No one likes to kill plants. No one likes to waste money. And with gardening, your mistakes are right out there for everyone to see.

To have a local mentor who is right there to help you make decisions and help you channel your limited time and resources is the ideal way to boost confidence in would-be gardeners — someone ‘wise’ to tell you that you are going to kill a few plants and that you aren’t crazy to experiment.

I think the promise of the Internet is in the ‘elevating and contextualizing hyperlocal knowledge’. I just wish Gomes had said it in plain English: Connecting neighbors to help them share gardening skills and knowledge, or something to that effect.

But then that kind of knowledge doesn’t earn you the big consulting bucks. ;-7

These connections used to happen in physical neighborhoods. More and more, we’re going to build these communities in cyberspace.

Kathy Purdy January 3, 2008, 6:09 pm

Robin, I would be the first to admit I have no knowledge of marketing techniques, professional or otherwise. I just know how frustrated I usually feel on the receiving end of a survey. My answer is usually not among the predetermined choices. For that matter, the questions I’d like to answer are not among the questions. No one ever wants to know my heart’s desire, they just want to know if my experience was satisfactory or highly satisfactory.

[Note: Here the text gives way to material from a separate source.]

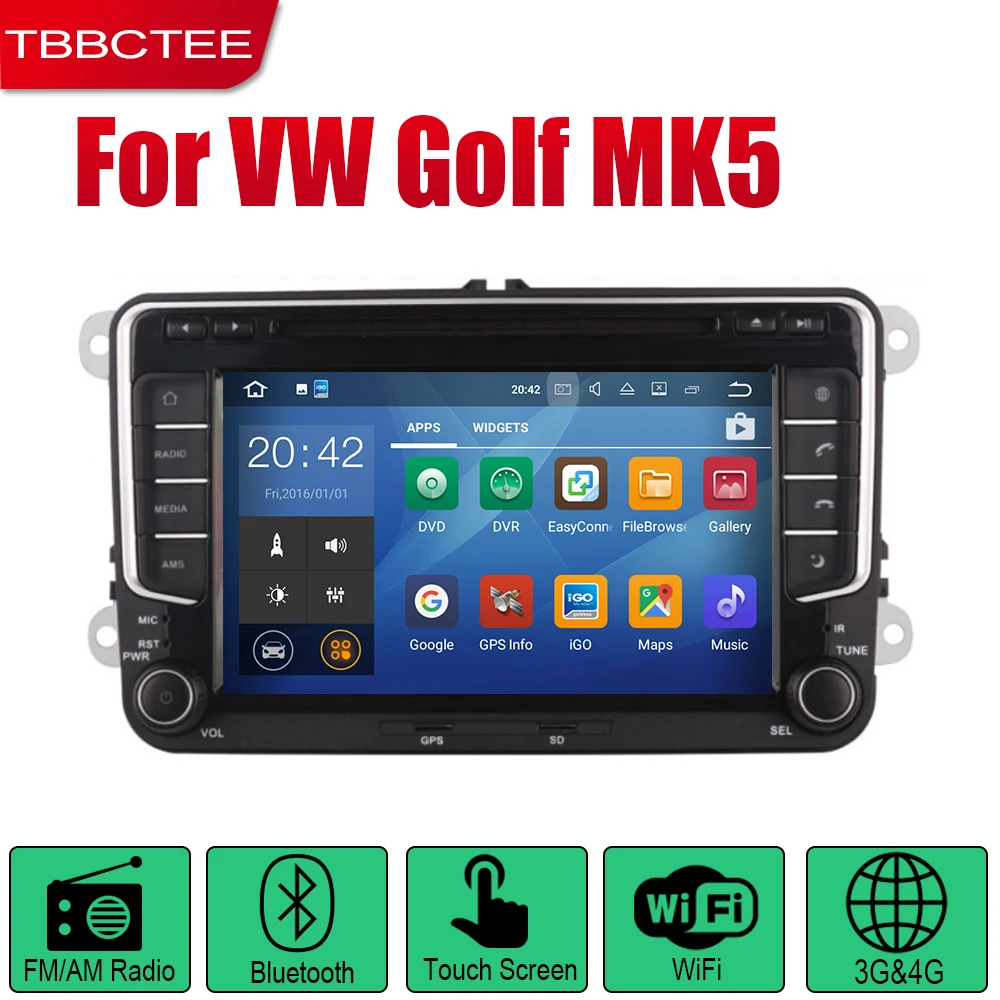 TBBCTEE Android 2 Din автомобильное радио, dvd для Volkswagen VW Golf MK5 2005~ 2008 автомобильный мультимедийный плеер gps навигационная система Радио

Robin (Bumblebee) January 3, 2008, 5:53 pm

Being a marketing researcher by profession I have to take exception to your comment about not trusting surveys. A well designed survey with a properly drawn sample and sample size provides highly reliable information that is lightyears ahead of the anecdotes and opinions that some marketers use. Certainly there is quite a lot of poor research out there. But good research is what makes for better, market-driven products and the ability to reach markets efficietly and effectively. Without good research we wouldn’t have many of the “aha” products that we have today and companies wouldn’t be able to so carefully reach their carefully defined niche.